I grew up in the wind.
It blew me down the street to school in my small Kansas hometown, and it howled me to sleep at night. It forced me to wear a headscarf to keep my childhood perm in place, and to give up trying to wear contacts in my teen years because I couldn’t keep the wind-blown grain dust from scratching the lenses.
Imagine my relief when I got to the much calmer air of western Montana.
Parts of Montana, of course, have wind that rivals the bluster in Kansas, and in recent years farms of giant white turbines have sprouted up near places like Judith Gap and Shelby to harness that clean energy. In terms of wind energy, Montana has gone from producing virtually nothing to something, in a relatively short period of time. Prior to 2005, according to the state Energy Promotion and Development Division, Montana had no commercial-scale wind farms. Eight such farms have been built since then, with a generating capacity of nearly 650 megawatts. That’s still only about 10 percent of Montana’s total electrical generation capacity, but Montana ranks among the top five states in the country for wind energy potential.
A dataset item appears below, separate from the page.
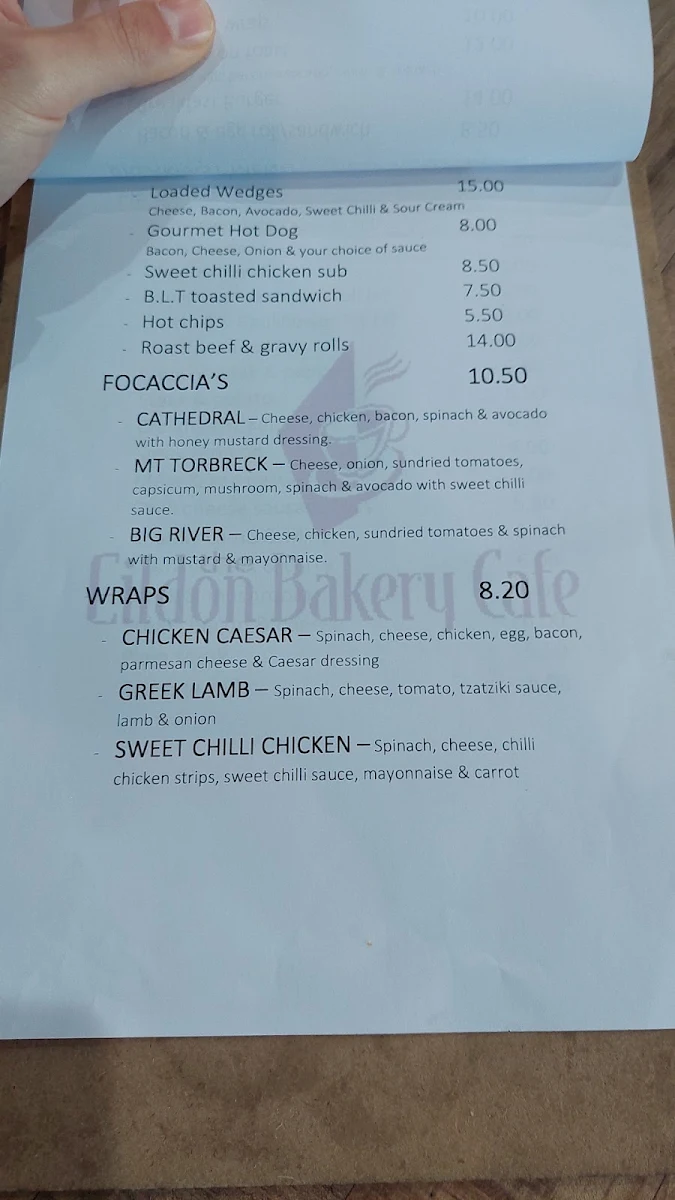Menu, Eildon Bakery Cafe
Rachel Shimshak wants to see more wind turbines in Montana and other windy parts of the Northwest. As executive director of the Portland, Ore.-based Renewable Northwest Project, Shimshak advocates for the development of renewable energy, including wind, in four states – Washington, Oregon, Idaho and Montana. She was in Montana recently, to speak with lawmakers about fostering that development.
Shimshak has ready answers for the oft-repeated critiques of wind energy development. It’s not an industry that creates jobs on the scale of a new mine or oil patch. But, she says the jobs it does create are usually in rural areas with high unemployment – and they’re permanent.
“For there to be 15 or 20 (new) jobs in a rural area, is quite a lot,” Shimshak said.
Wind energy development is also an industry that depends on heavy government subsidy. But so does oil and gas.
“Unlike oil and gas, which have had federal subsidies in the tax code for the last 100 years, wind energy has only really benefitted from federal support for the last couple of decades,” said Shimshak. “And it has been an on-and-off kind of a thing.”
Shimshak hopes for a federal energy policy that will encourage more clean energy production like wind, solar, geothermal and other renewable energies.
On the state level, Montana has a renewable energy standard that requires utilities to get 15 percent of their energy from renewables by the year 2015. Washington and Oregon have a similar requirement. Some lawmakers are pushing the current Montana Legislature to include existing hydropower generation in that standard – a move opposed by renewable energy proponents like Shimshak who argue it could crowd out development of new wind, solar or geothermal projects.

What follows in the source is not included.